Neural Architectures and Their Properties

Progress in NLP has been driven by general-purpose techniques like Hidden Markov Models, Conditional Random Fields, RNNs, CNNs, and Support Vector Machines. The limitations of recurrent models, especially in parallelization and capturing long-term dependencies, motivated the development of self-attention and Transformer architectures.

Limitations of RNNs

Parallelization Issues: RNNs process sequentially, where each step depends on the previous one. This dependency hinders efficient parallel computation. For instance, the hidden state \( h_t \) is computed as: \[ h_t = \sigma(W h_{t-1} + U x_t), \] where \( \sigma \) is a nonlinearity, \( W \) and \( U \) are weight matrices, and \( x_t \) is the input at time \( t \).
Linear Interaction Distance: Capturing relationships between distant tokens requires traversing multiple layers, making long-term dependencies difficult to learn.

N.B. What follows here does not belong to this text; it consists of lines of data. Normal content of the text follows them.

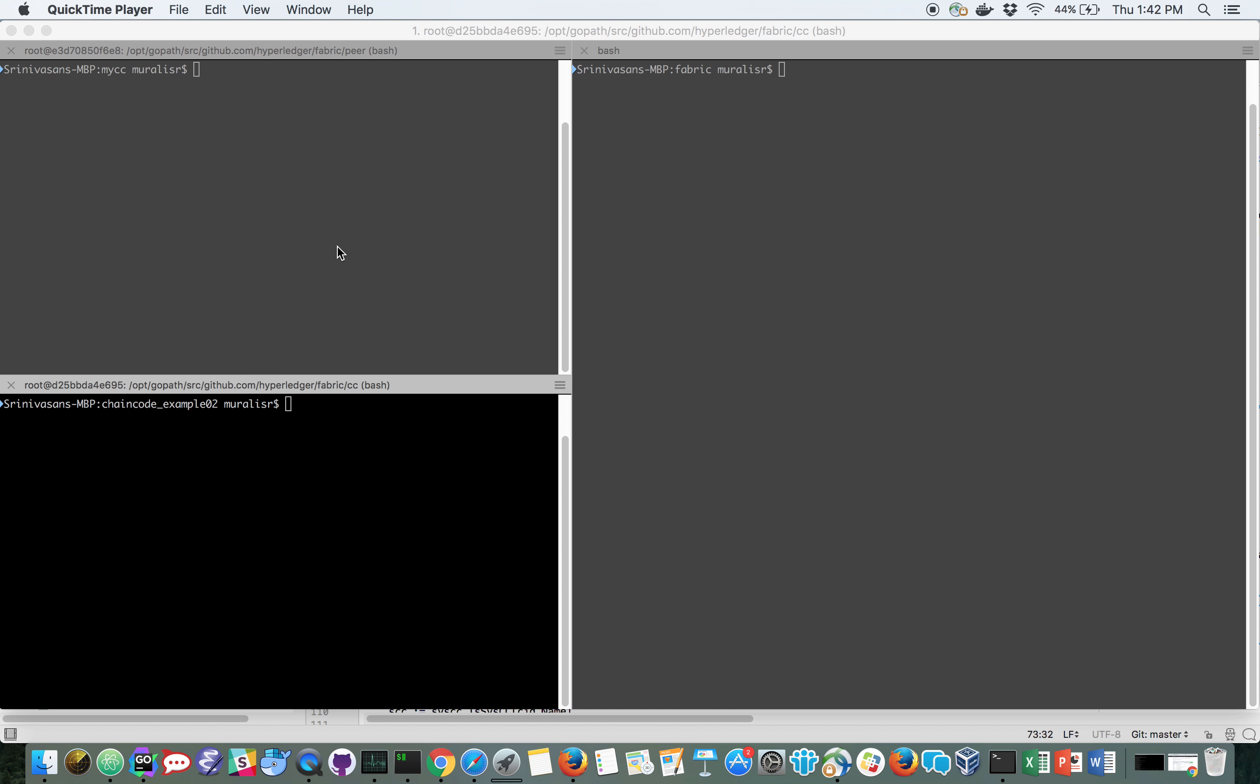In this demo, we will see how to vendor all the chain code import dependencies into the chain code package to make it easy to install and instantiate chain codes.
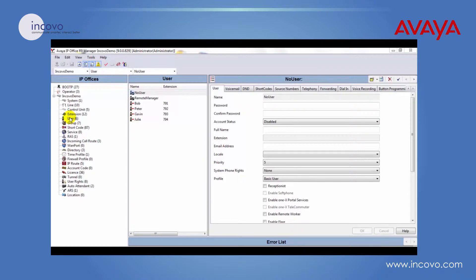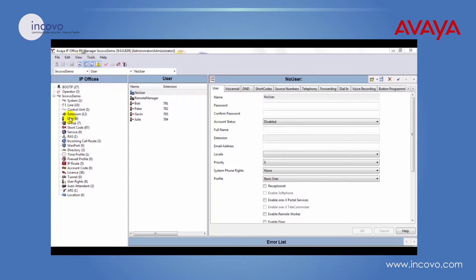Hi, my name is David and today I'm going to show you how to edit a user's system phone rights. One reason why you'd like to give a user system phone rights is so they'll be able to manually update the system date and time from their desk phone.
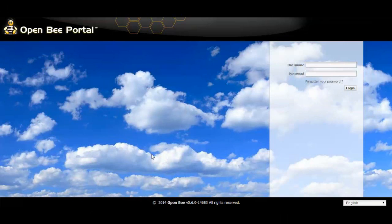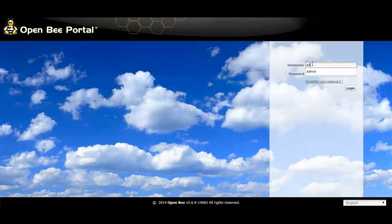OpenB Portal is a web-based solution accessible from any web browser that allows you to index, archive and share documents related to your activity.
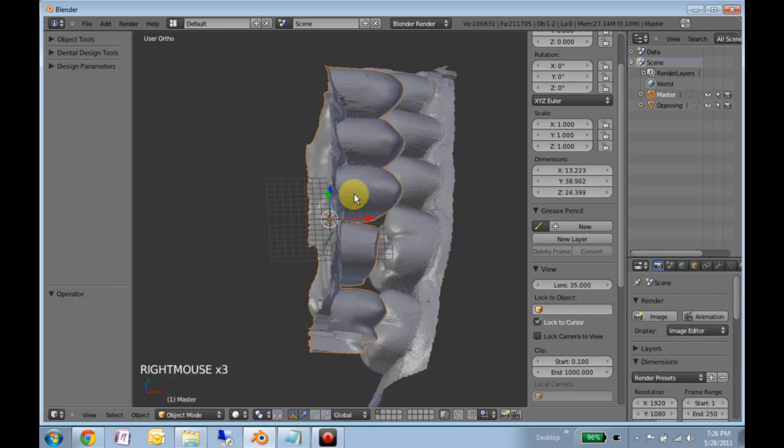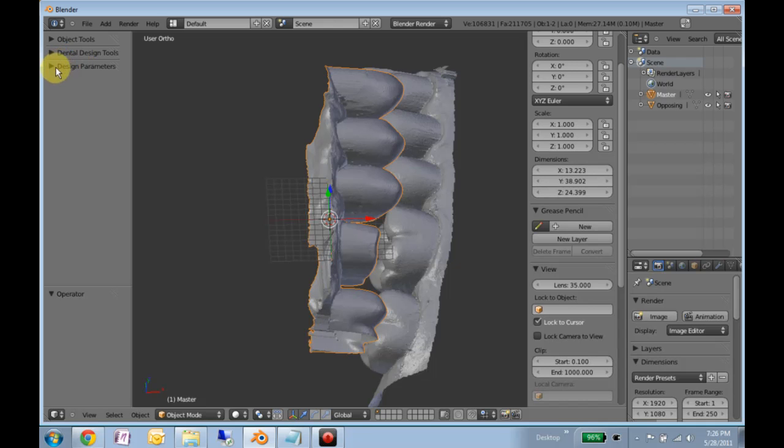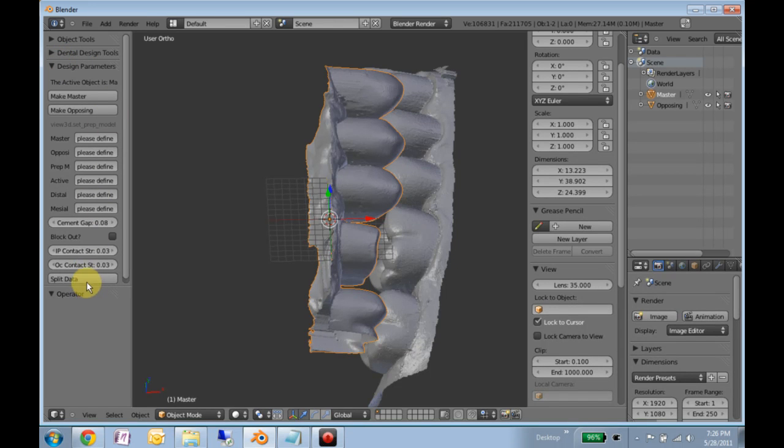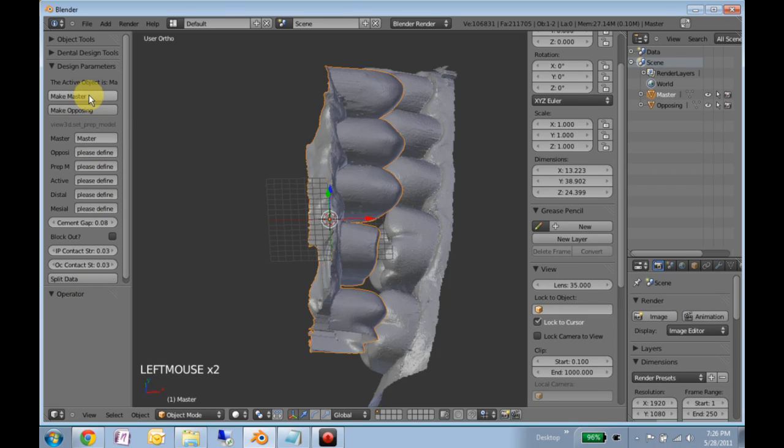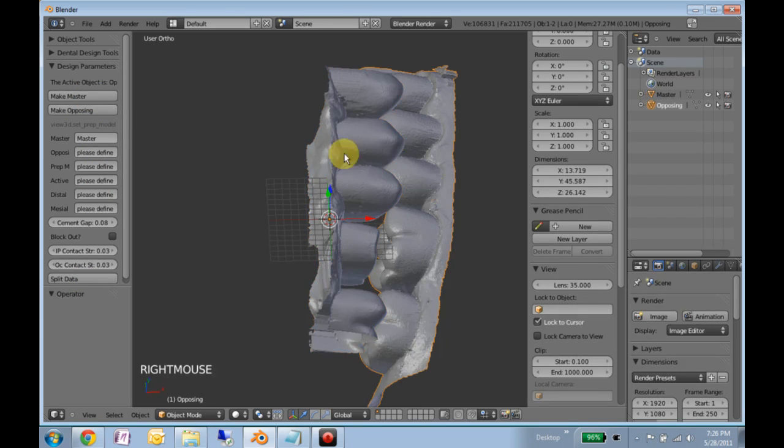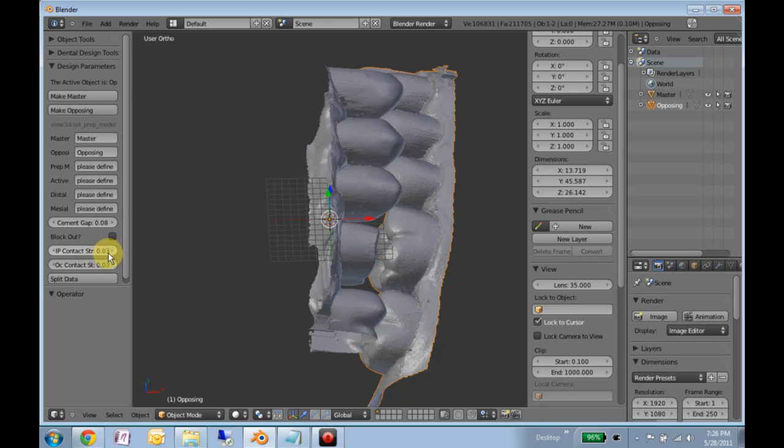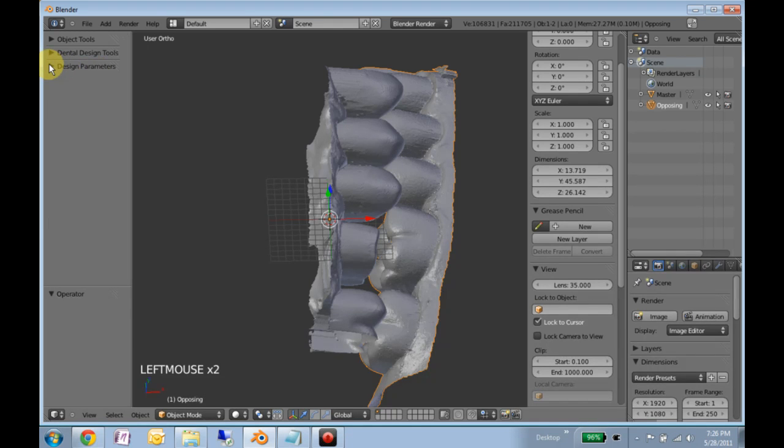What we'll do is we'll right-click our model that has the preparation on it. Go to design parameters. Also, a lot of these buttons are legacy. I'll be cleaning some of them out. We'll make that the master model. We'll let it know that that is the opposing model. We can set our cement gap distance and the strength of interproximal contacts. But for now, just as a learning exercise, we'll skip that.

A Minimal Self-Attention Architecture

Self-attention replaces recurrence with attention mechanisms, enabling parallelization and better contextual representations.

Key-Query-Value Mechanism

Self-attention computes a weighted sum of values based on the similarity between queries and keys:

Definitions:
- Query: \( q_i = Q x_i \),
- Key: \( k_j = K x_j \),
- Value: \( v_j = V x_j \), where \( Q, K, V \) are learned weight matrices.
Contextual Representation: \[ h_i = \sum_{j=1}^n \alpha_{ij} v_j, \] where the weights \( \alpha_{ij} \) are computed using the softmax function: \[ \alpha_{ij} = \frac{\exp(q_i^\top k_j)}{\sum_{j’=1}^n \exp(q_i^\top k_{j’})}. \]

Position Representations

Self-attention lacks an inherent sense of order. Position embeddings are added to the token embeddings: \[ \tilde{x}_i = x_i + P_i, \] where \( P_i \) encodes positional information.

Feed-Forward Layers

Nonlinear transformations are applied after self-attention: \[ h_{\text{FF}} = W_2 \text{ReLU}(W_1 h + b_1) + b_2, \] with \( W_1, W_2 \) being weight matrices and \( b_1, b_2 \) biases.

Future Masking

For autoregressive tasks, masking ensures tokens only attend to preceding ones: \[ \alpha_{ij} = \begin{cases} \alpha_{ij} & j \leq i,
0 & j > i. \end{cases} \]

The Transformer Architecture

Transformers stack attention and feed-forward layers with additional components.

Multi-Head Attention

Instead of a single attention mechanism, multiple heads independently compute: \[ h_i^{(\ell)} = \sum_{j=1}^n \alpha_{ij}^{(\ell)} v_j^{(\ell)}, \] and their outputs are concatenated and linearly transformed: \[ h_i = O \cdot [h_i^{(1)}; h_i^{(2)}; \ldots; h_i^{(k)}], \] where \( O \) is a learned projection matrix.

Layer Normalization

Layer norm stabilizes activations by normalizing each token’s hidden states: \[ \text{LN}(h_i) = \frac{h_i - \mu_i}{\sigma_i}, \] where \( \mu_i \) and \( \sigma_i \) are the mean and standard deviation.

Residual Connections

Residual connections enhance gradient flow: \[ f_{\text{residual}}(h) = f(h) + h. \]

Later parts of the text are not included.